Life & Culture

Botanical secrets from around the world

Shabbat walks led to a career celebrating the natural world


In these troubled times, as we emerge, blinking, from the latest lockdown, we could all do with a bit of comfort.

And comfort in — ahem — spade loads is what you get in Jonathan Drori’s delightful new book, Around The World in 80 Plants, a companion to his previous book, Around The World in 80 Trees.

Both are lavishly illustrated by the French artist Lucille Clerc, gloriously rendering Drori’s plant stories in a wash of colour so that you could almost put your hands on the pages and pick a flower or a leaf.

Drori’s career is long and distinguished, from senior positions at the BBC to many environmental and ecological trusteeships, including Cornwall’s Eden Project, ambassador for the Woodland Trust and one of the Council of Ambassadors for the World Wildlife Fund. He is also chair of the Wingate Trust, which supports Jewish life and learning and awards annual literary prizes. He was awarded a CBE in 2006 and is a former trustee of Kew Gardens.

So he comes to this book with a lifetime of experience and a passion for talking about — and encouraging the preservation of — plants, trees, insects and birds. He brings with him a cheerfully wry sense of humour and a wonderful way of explaining to the previously ignorant the golden nuggets of fact, the “did you knows?” that make the book such fun to read. Just watch one of his four TED talks, viewed more than 3.3 million times, to get a flavour of Drori at his best.

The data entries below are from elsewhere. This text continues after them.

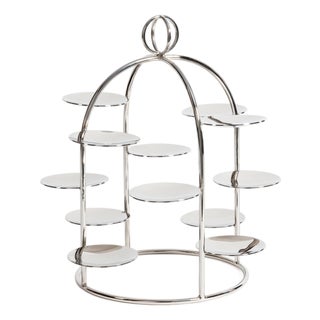 Kenneth Ludwig Chicago The Grand High Tea Tower-12 cups, Polished Nickel For Sale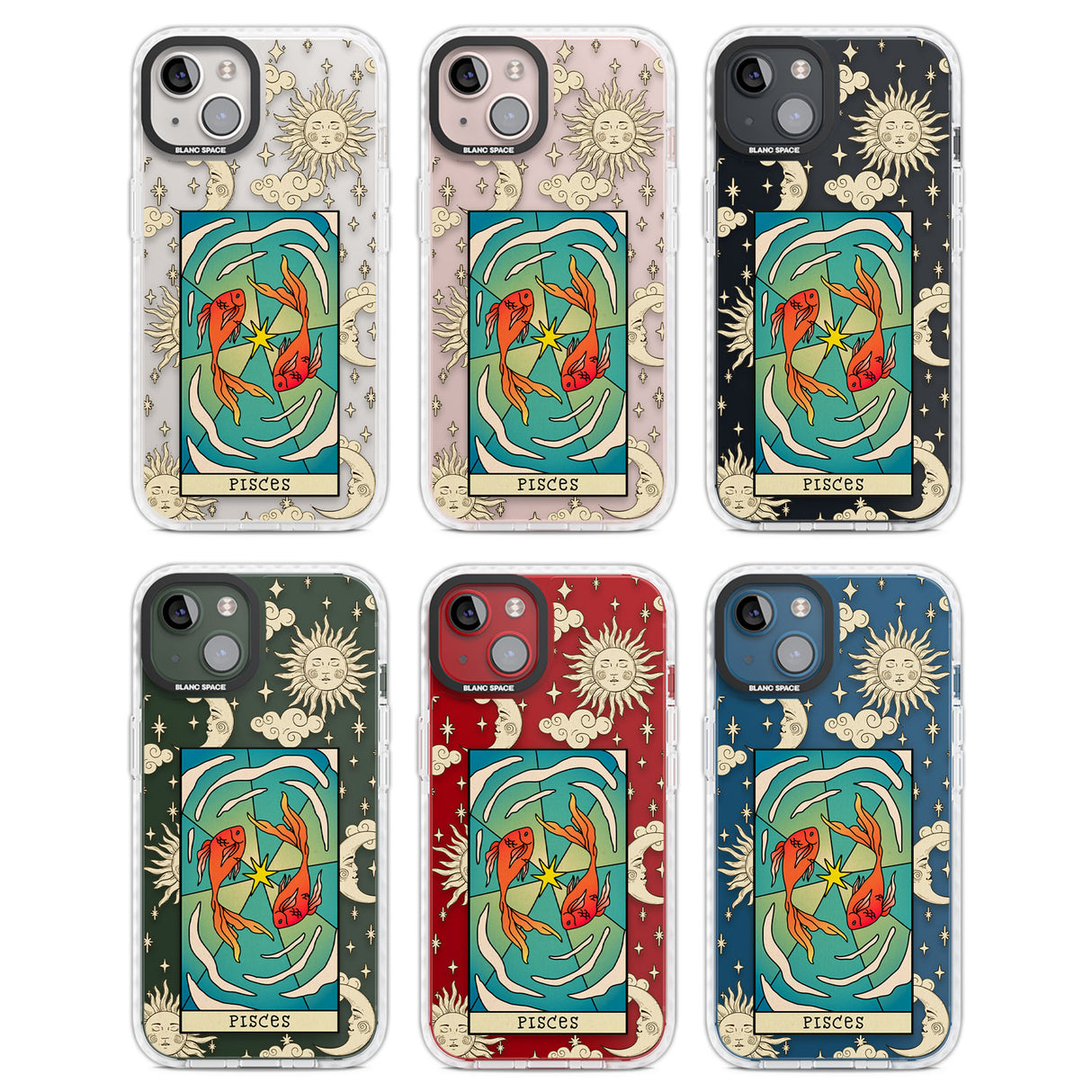 Celestial Zodiac - Pisces Clear Impact Phone Case for iPhone 13, iPhone 14, iPhone 15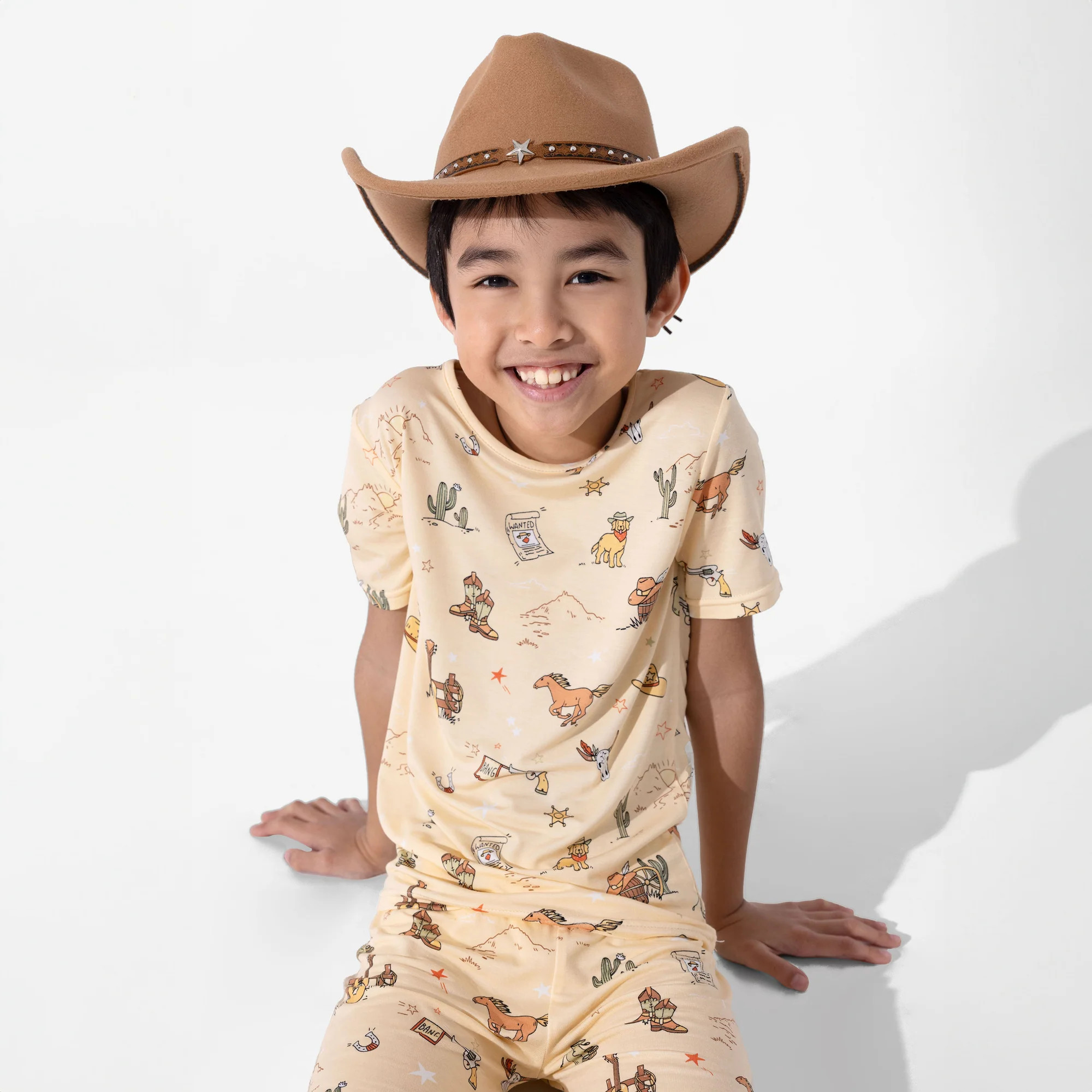 Cowboy Bamboo Kids Pajama Short Set | Bellabu Bear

It all began with Shabbat afternoon walks to Richmond Park or Kew Gardens. “Between the ages of about four or five, until I was a teenager, I probably went to Kew at least once every two weeks, all through summer and winter, in every weather”.

His father had come to Britain in 1938, from eastern Europe via Palestine. “I think his first love was botany. He had studied at the Hebrew University and came to Britain to study further, but the country didn’t really need botanists, so he retrained as a mechanical engineer and made a good career. My mother was also interested in plants… so between them, my brother [seven years older] and I got lots of stories about plants and their uses.”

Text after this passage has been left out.